Anagrams kata as a one-liner by Mark Seemann
A futile exercise in code compaction.
Recently I was doing the Anagrams kata in F# with Grzegorz Dziadkiewicz, and along the way realised that the implementation is essentially a one-liner. I thought it would be fun to redo the exercise in Haskell and see how compact code I could get away with.
In short, in the exercise, you're given a list of words, and you need to find all the anagrams in the list. For example, given the list bar, foo, bra, the result should be bar, bra, and foo shouldn't be part of the output, since it's not an anagram of any other word in the list.
A pipeline of transformations #
My idea was to collect all the words in a Map (dictionary) keyed by the string, but sorted. Even if the sorted string is a nonsense word, all anagrams sort to the same sequence of letters:
ghci> sort "bar" "abr" ghci> sort "bra" "abr"
Each of the keys should contain a Set of words, since I don't care about the order.
Once I have that map of sets, I can throw away the singleton sets, and then the keys. Or perhaps first throw away the keys, and then the singleton sets. The order of those two steps doesn't matter.

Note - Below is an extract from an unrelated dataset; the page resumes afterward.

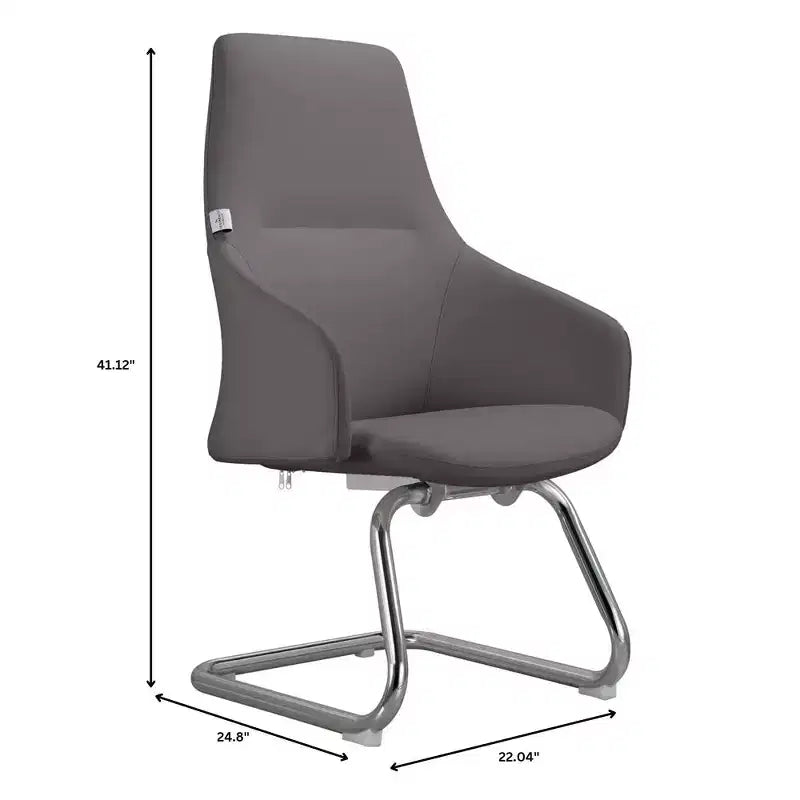 Sedia da ufficio Celeste in pelle – Base a slitta in ferro moderna, seduta ergonomica per scrivania e ospiti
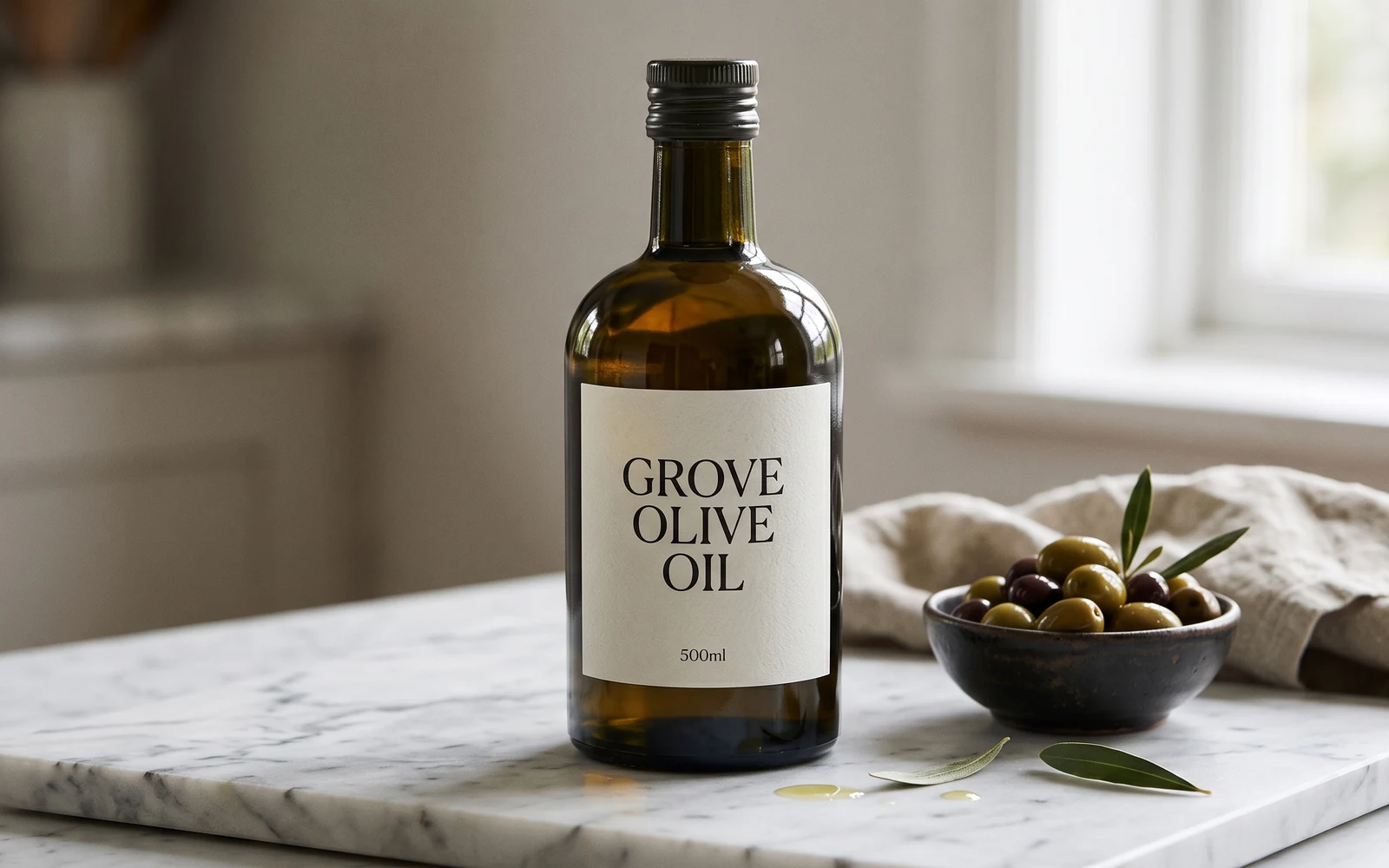 GROVE extra virgin olive oil bottle with a sharp label and photoreal glass, generated with Nano Banana 2.1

The reason I don't want the singleton sets is that a set with only one word means that no anagrams were found.
Creating the map #
How to create the desired map? The
Map module exports the fromListWith function that enables you to go through an association list and combine values along the way, in case you encounter the key more than once. That sounds useful, but means that first I have to convert the list of words to an association list.
Importing Control.Arrow, I can do it like this:
ghci> fmap (sort &&& Set.singleton) ["bar", "foo", "bra"] [("abr",fromList ["bar"]),("foo",fromList ["foo"]),("abr",fromList ["bra"])]
Each element in the list is a pair of a key, and a set containing a single word. Notice that the set containing
"bar" has the same key as the set containing
"bra". When using
fromListWith, the function will have to unite these two sets whenever it encounters the same key.
ghci> Map.fromListWith Set.union $ fmap (sort &&& Set.singleton) ["bar", "foo", "bra"] fromList [("abr",fromList ["bar","bra"]),("foo",fromList ["foo"])]
The two anagrams
"bra" now belong to the same set, while
"foo" is still solitary.
Finding the anagrams #
Now that we've grouped sets according to key, we no longer need the keys:
ghci> Map.elems $ Map.fromListWith Set.union $ fmap (sort &&& Set.singleton) ["bar", "foo", "bra"] [fromList ["bar","bra"],fromList ["foo"]]
The anagrams are those sets that have more than one element, so we can throw away those that are smaller.
ghci> filter ((1 <) . Set.size) $ Map.elems $ Map.fromListWith Set.union $ fmap (sort &&& Set.singleton) ["bar", "foo", "bra"] [fromList ["bar","bra"]]
The expression has now grown to such a width that I've broken it into two lines to make it more readable. It really is just one line, though.
To save a bit of space, I eta-reduced the expression before I made it a function:
anagrams :: Ord a => [[a]] -> Set (Set [a]) anagrams = Set.fromList . filter ((1 <) . Set.size) . Map.elems . Map.fromListWith Set.union . fmap (sort &&& Set.singleton)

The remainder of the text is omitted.